私も、漫画・ゲーム・仕事・読書と、やりたいことが増えていく一方で「どれも中途半端にしか進まない」ことに悩まされていました。
そこで出会ったのが「タイムボクシング」という時間管理術です。
今回は「最強の時間管理術」と名高いタイムボクシングのやり方を徹底解説します。
予定どおり物事が進まないことに焦りを感じている方は参考程度に。
タイムボクシングとは
タイムボクシングは、以下のことをおこなうだけのシンプルなテクニックです。
「〇〇時から〇〇時まで〇〇をする」という予定をカレンダーに記入し実行する
学校の時間割や、バイトのシフトのようなイメージですね。
たとえば、以下のようにカレンダーに記入します。

このように「ブロックされた予定」がボクシングのリングに似ていることから「タイムボクシング」と命名されました。
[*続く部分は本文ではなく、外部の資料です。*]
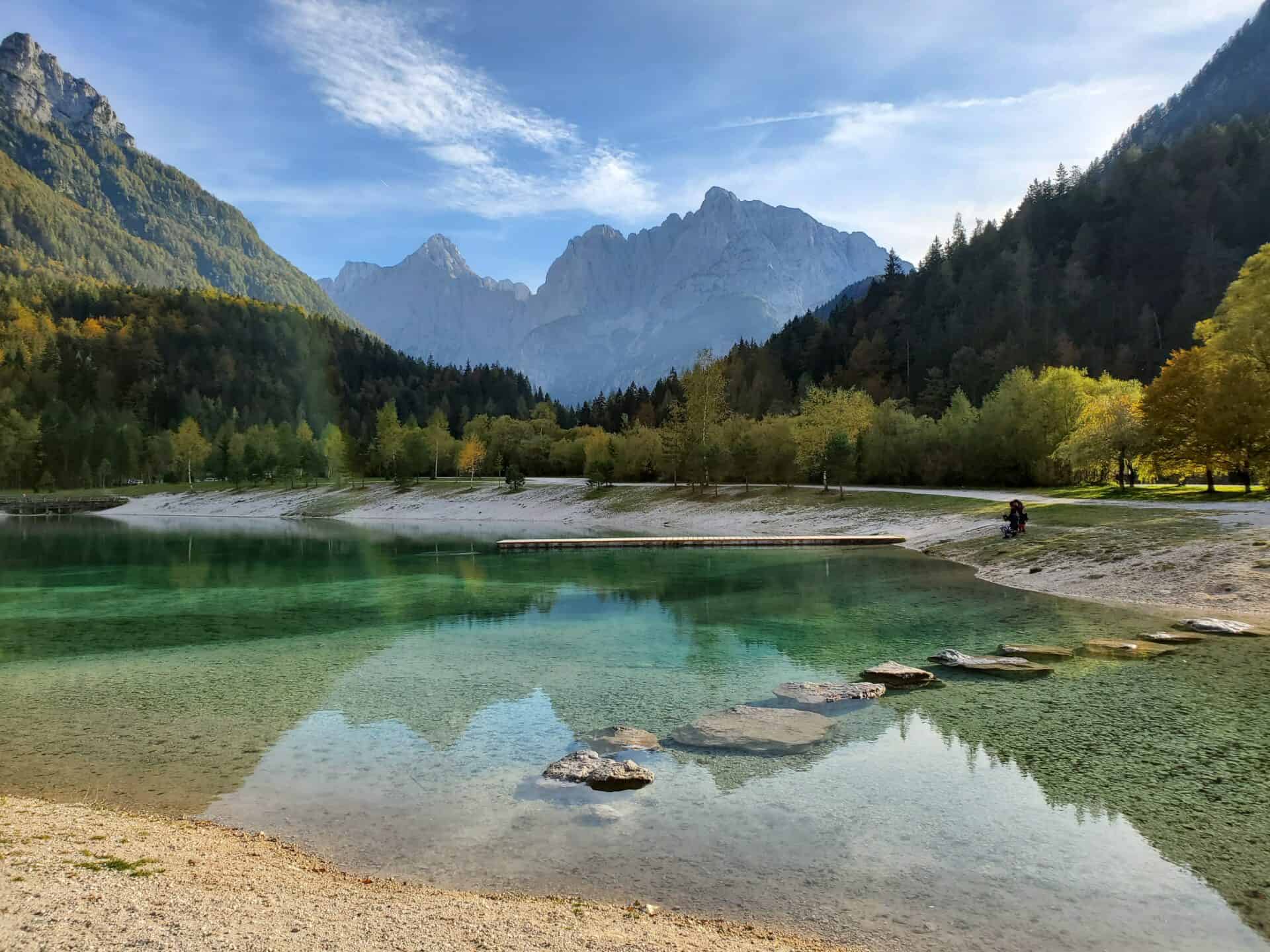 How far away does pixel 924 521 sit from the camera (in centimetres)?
4978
ちなみに別名「タイムブロッキング」とも呼ばれています。
1-1 タイムボクシングの効果
タイムボクシングは、「1440分の使い方」で「成功者がもっとも利用する時間管理術」として紹介されています(嘘かホンとかはさておき)
とくに目標達成と生産性向上には定評があるそうです。
なぜタイムボクシングで目標達成率が上がるのか
タイムボクシングの効果が高い理由は「人の脳は【if】というトリガーを起点に物事を実行する習性があるから」です。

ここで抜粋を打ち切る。